WARTAPHOTO.NET. PATI – Dewan Perwakilan Rakyat Daerah (DPRD) Kabupaten Pati menilai pelacakan atau tracing kasus Tuberkulosis (TBC) perlu dilakukan secara lebih masif guna mencegah penyebaran penyakit tersebut semakin luas.
Hal itu disampaikan Ketua DPRD Kabupaten Pati Ali Badruddin usai mendampingi Wakil Menteri Kesehatan (Wamenkes) Republik Indonesia Benjamin Paulus Octavianus dalam kunjungan kerja di Balai Desa Kutoharjo, Kecamatan Pati, Selasa (21/4/2026).
Ali mengatakan, pelacakan kasus TBC dapat dilakukan melalui pemeriksaan terhadap orang-orang terdekat maupun anggota keluarga pasien. Menurutnya, kelompok tersebut memiliki risiko lebih tinggi karena sering melakukan kontak langsung dengan penderita.
“Pelacakan bisa dilakukan kepada penderita dan keluarganya agar penularan dapat dicegah lebih dini,” ujarnya.
Ia menambahkan, kunjungan Wamenkes RI ke Kabupaten Pati juga dibarengi dengan penyaluran tambahan bantuan alat kesehatan untuk mempercepat proses pelacakan kasus TBC.
“Tentunya dengan datangnya Pak Menteri akan memberikan tambahan alat untuk segera melakukan tracing bagi penderita dan keluarganya,” kata Ali.
Selain bantuan alat kesehatan, pemerintah pusat juga disebut akan memberikan bantuan perbaikan rumah tidak layak huni bagi penderita TBC. Langkah tersebut diharapkan mampu menciptakan lingkungan tempat tinggal yang sehat dan mendukung proses pemulihan pasien.

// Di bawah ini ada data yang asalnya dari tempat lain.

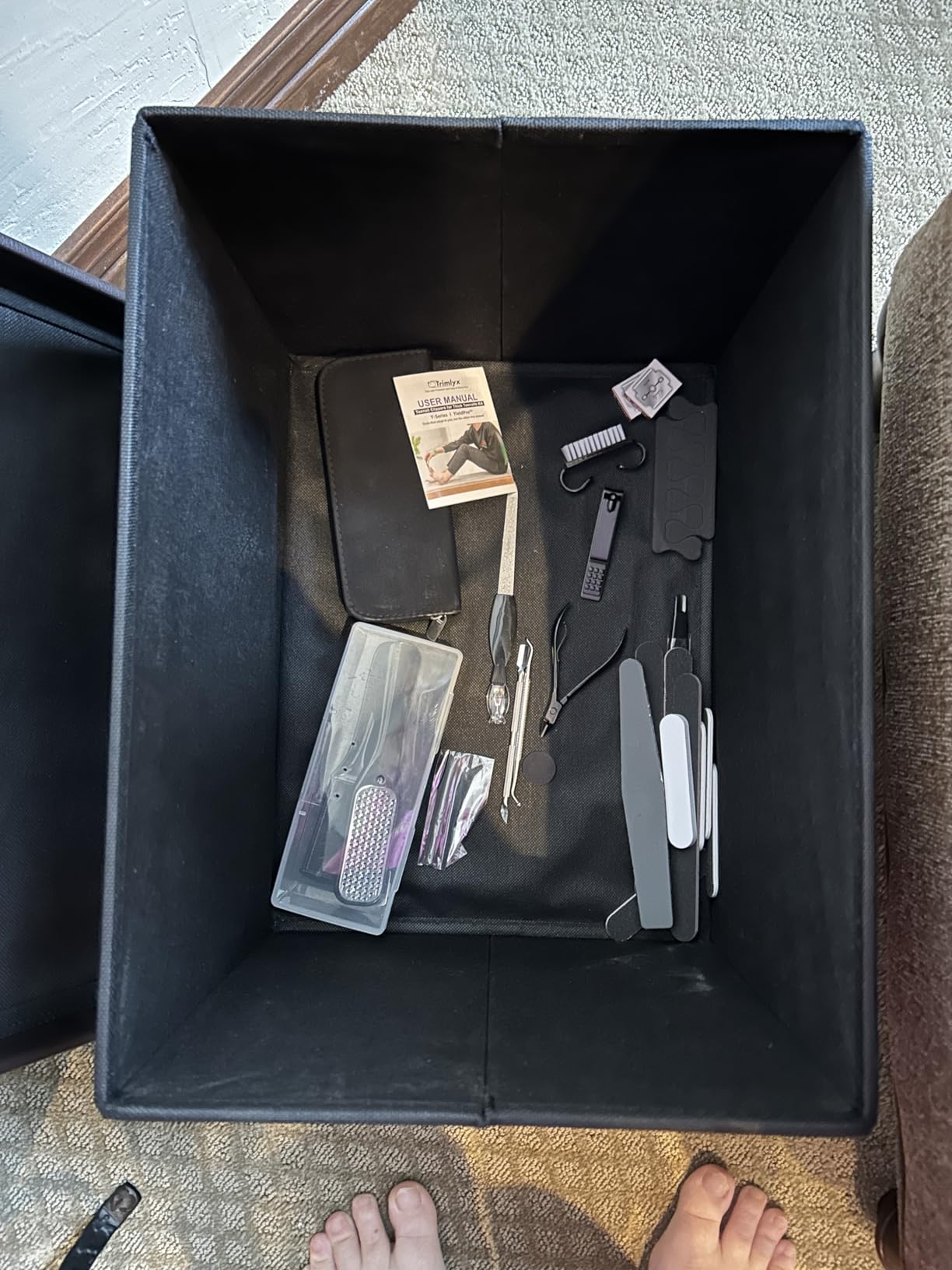 ALASDO Storage Ottoman Footrest Stool Small Ottoman with Storage Foldable Ottomans Foot Rest Footstool Bench for Living Room 17x13x13inches Grey customer photo 2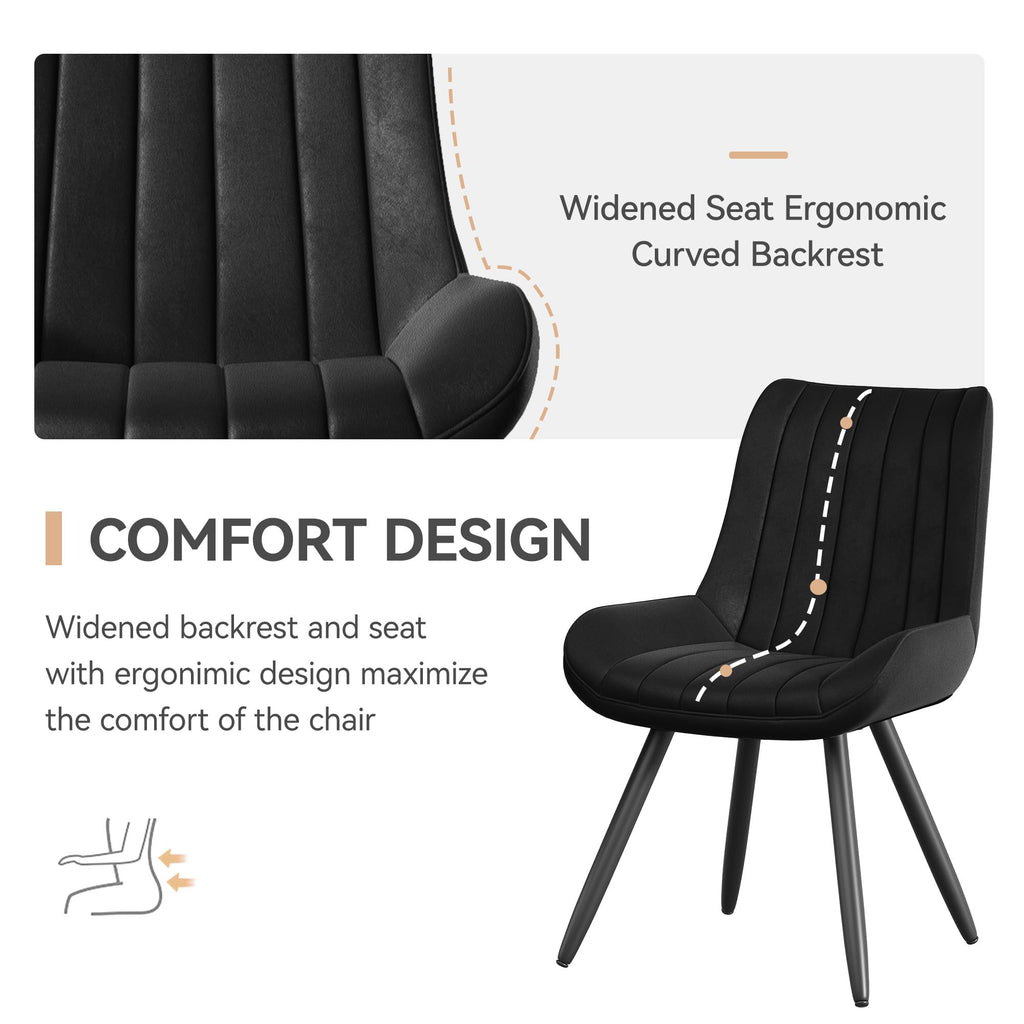 Black Faux Leather Upholstered Dining Chairs Set of 6 I85981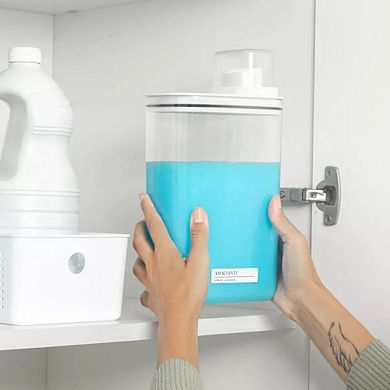 OU 78oz Laundry Detergent Dispenser w Measuring Cap, Fabric Softener Dispenser with Drip Return Lid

“Kemudian, akan diberikan bantuan bagi yang rumahnya tidak layak bagi penderita,” ucapnya.
Ali menilai, program pelacakan TBC merupakan salah satu terobosan pemerintah pusat dalam meningkatkan kualitas kesehatan masyarakat.
“Ini suatu terobosan oleh pemerintah Prabowo dan Gibran untuk menyiapkan masyarakat menjadi lebih sehat,” jelasnya.
Sementara itu, Pemerintah Kabupaten (Pemkab) Pati mencatat sebanyak 2.658 kasus TBC ditemukan sepanjang tahun 2025.